Car voyez-vous, l’intérieur d’un bateau recèle des possibilités intéressantes et bien plus variées que les différentes pièces d’un appartement. Notre lit breton à l’arrière, dénommé « cabine du pacha », a un plafond très bas. Certaines postures sont donc difficiles au risque de se casser le dos, voire techniquement impossibles, mais d’autres prennent une vigueur inconcevable dans les grands espaces. Le carré ouvre toutes les options d’un bon canapé d’angle, solidité en plus, car tout est prévu pour supporter les plus vigoureuses tempêtes. Même chose pour la cuisine, donc : les appuis divers d’une cuisine et la solidité en prime. L’échelle de descente offre des gradations de hauteur qu’une gamme de tabourets instables ne pourraient pas assurer, avec presque autant de piment. La coursive, par son étroitesse, invite au corps à corps à chaque fois qu’on s’y croise. Et ainsi de suite, avec un peu d’imagination ….. Comment appellerait-on le livre des positions sexuelles à bord des voiliers ? L’Abécédaire de l’Amour en Mer, peut-être ? A comme Ardent (1), B comme Bite d’amarrage, C comme Cordes, ou Chatte (2)… L comme Libre Pratique (3), M comme Mouiller (4), O comme Obeïr (5), S comme Slip(6) ou bien comme Suceuse (7) …. Un best seller, sans aucun doute.
(1) Ardent : Un navire est ardent lorsqu'il tend de lui-même à se rapprocher du lit du vent. C'est le contraire du mou.
(2) Chatte : Grappin à patte sans oreilles dont on se sert pour draguer les câbles ou les objets tombés à la mer.
(3) Libre pratique : Permission donnée par les autorités sanitaires d'un port à un navire de communiquer librement avec la terre.
(4) Mouiller : Jeter l'ancre.
(5) Obéir : Un navire obéit bien à la barre quand il en sent rapidement l'action.
(6) Slip : Plan incliné destiné à mettre à l'eau ou à haler à terre de petits bâtiments au moyen d'un chariot sur rails.
(7) Suceuse : Drague travaillant par succion du fond
Bonsoir les skoliens,
Il y a des soirs ou j’aimerai m’appeler corps Mort.
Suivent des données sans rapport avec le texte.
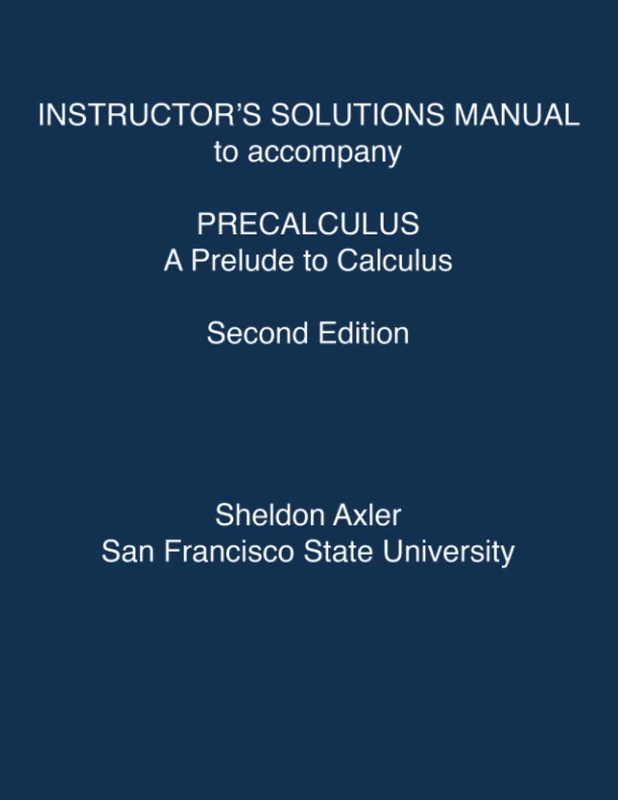 Instructor's Solutions Manual to accompany Precalculus, 2e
Juste pour entendre chuchoter l’amour.
(Pas par obsession ou « voyeuriste » juste parce que l’Amour se perd...).
XY
Rédigé par : XY | 03 mars 2012 à 20:31
Ben oui, une femme dans chaque bateau, quoi !
Astuce : Éviter d'entrer en relation prof / élève avec sa chérie à propos de la voile, pour préserver la libido.